### Exercise requirements
Your output should be exactly the lines from the one containing "To log in to" through the final line of the following data, please, with no pictures.

Study material below:

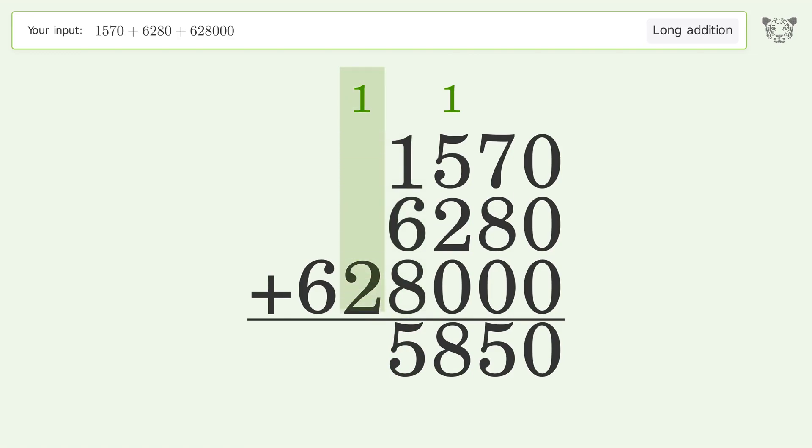1 plus 2 equals 3. Write 6 in the hundred thousands place, and so the final result is 635,850.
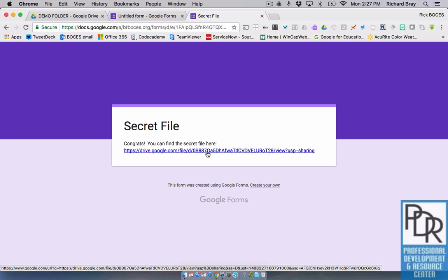So you can kind of think of this as a scavenger hunt. You could even take it as far as maybe it takes them to a Google doc that says, go to the library and find the book with the Dewey decimal number, and enter in the author's last name. So it kind of gets them thinking and gets them working. So it's pretty fun.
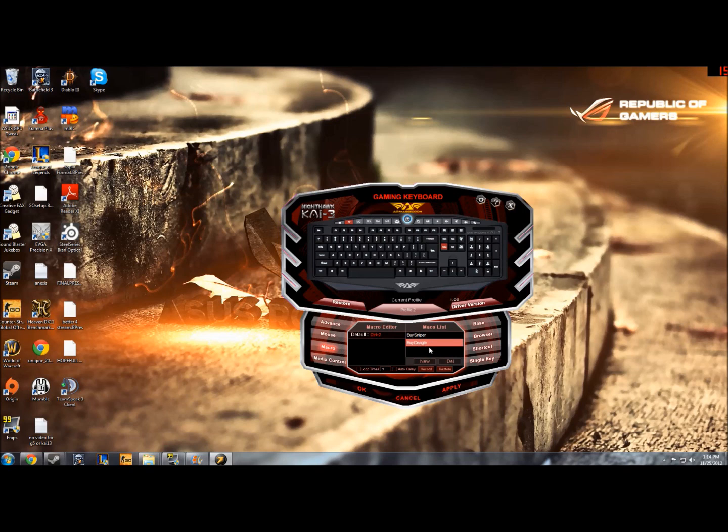So we've made the macro there by Deagle, you want to click this record button down here, it's a bit small. So you click record and now we're in the record mode, you hit B14, stop.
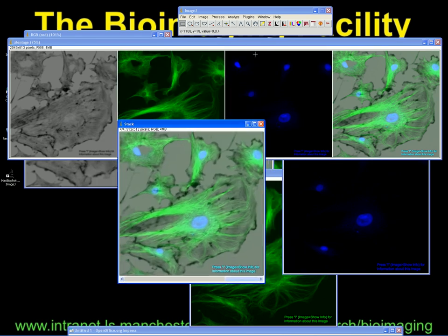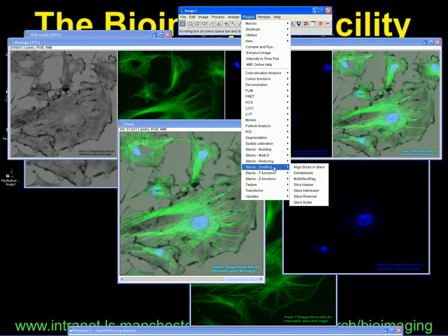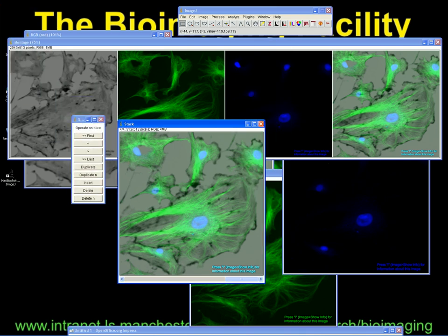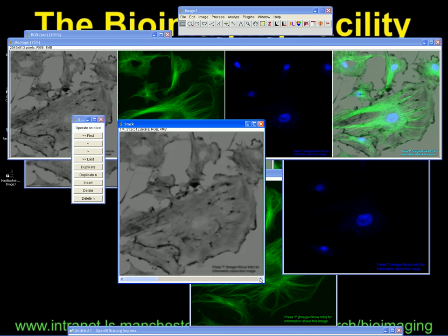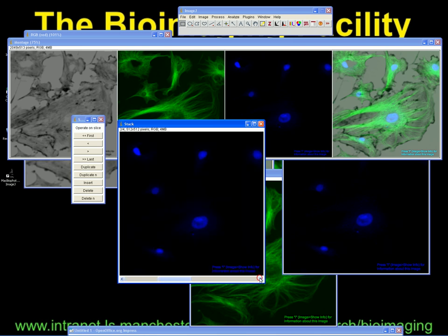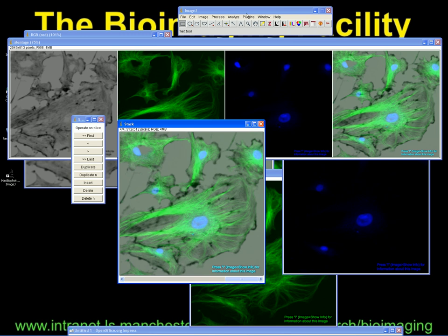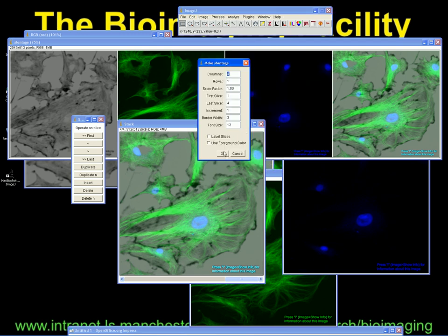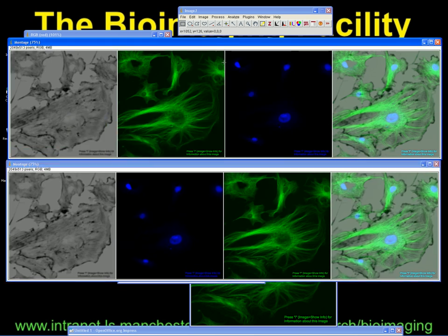If we wanted to change that order, we can launch a plugin — Stacks Shuffling — and there's a Stack Sorter button. That allows you to change the order of the stack. So if you wanted green and blue switched, go to your green image and use the nudge forward or backwards buttons, or send it to the beginning or end. Now we've changed the order to grey, blue, green, merged. Under Image, Stacks, Make Montage — same as before — and this time we've got the stack in a different order. That's using it from the three-colour image.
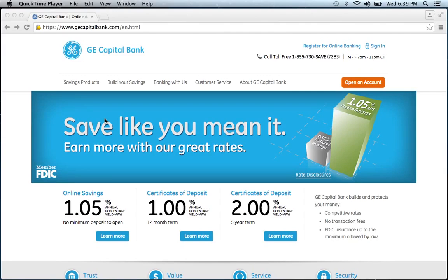To log in to your GE Capital Bank online banking account, visit their website which can be found below this video.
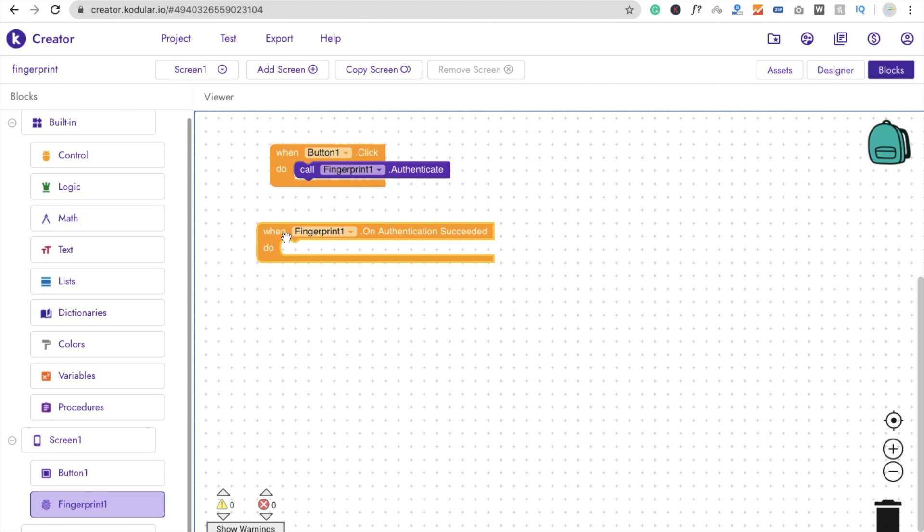You can do a lot of things with this condition. You can display some images, display some password. You can do a lot of things with this simple functionality.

End of Study material.

### Exercise result
To log in to your GE Capital Bank online banking account, visit their website which can be found below this video.
You can do a lot of things with this condition. You can display some images, display some password. You can do a lot of things with this simple functionality.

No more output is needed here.